Meeting the needs of the increasing large Millennial segment is a top priority for many banks and credit unions. But not all Millennials are created equal, having different expectations of their financial institution partners.

Subscribe TodayMillennials are the largest generation in world history, numbering 80 million and commanding $1.3 trillion in direct annual spending in the U.S. alone. These consumers (where many define the oldest as 35 years old) represent a surprisingly diverse financial services segment, with varied needs and behaviors. This segment is more digitally focused than any previous generation, with connections to financial organizations reflecting their comfort with the App economy.
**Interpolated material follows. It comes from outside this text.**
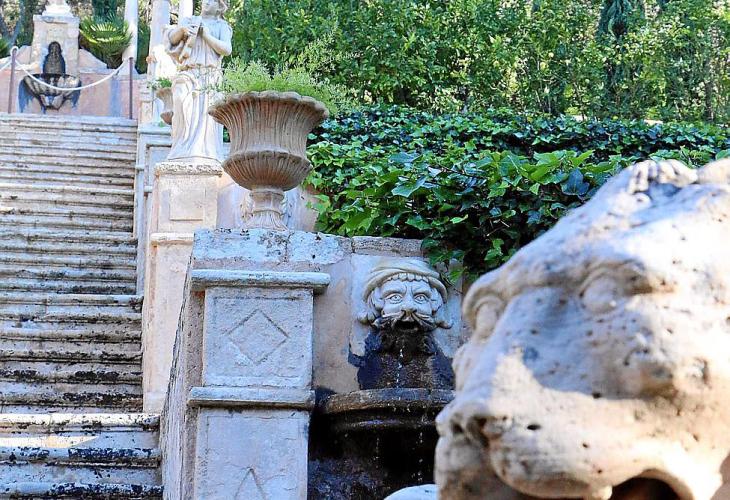 Vielleicht eine der berühmtesten Treppen Mallorcas: Der Aufgang vom Herrenhaus in den Apollo-Garten, eine Skulptur des römischen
To connect with this segment that has increasing financial clout, it is important for both traditional banking organizations and fintech start-ups to build digital experiences that are seamless, well-designed and integrated with this segment’s lifestyle. For a deeper look into how financial organizations can better serve the Millennial segment, Oracle surveyed more than 4,500 consumers across 9 markets – Brazil, Canada, China, France, Germany, India, Japan, UK and the U.S. in their report, “The Millennial Migration: How Banks Can Remain Relevant In Their Decision-Making Eco-System.”

Millennial Segment Diversity

Oracle divided Millennials into four sub-segments: Young Millennials (aged 18-21), Middle Millennials (aged 22-25), Mature Millennials (aged 26-30), and Grey Millennials (aged 31-45 years old). These age-based segments provided better insights into the differences in use of and reliance on different financial services providers.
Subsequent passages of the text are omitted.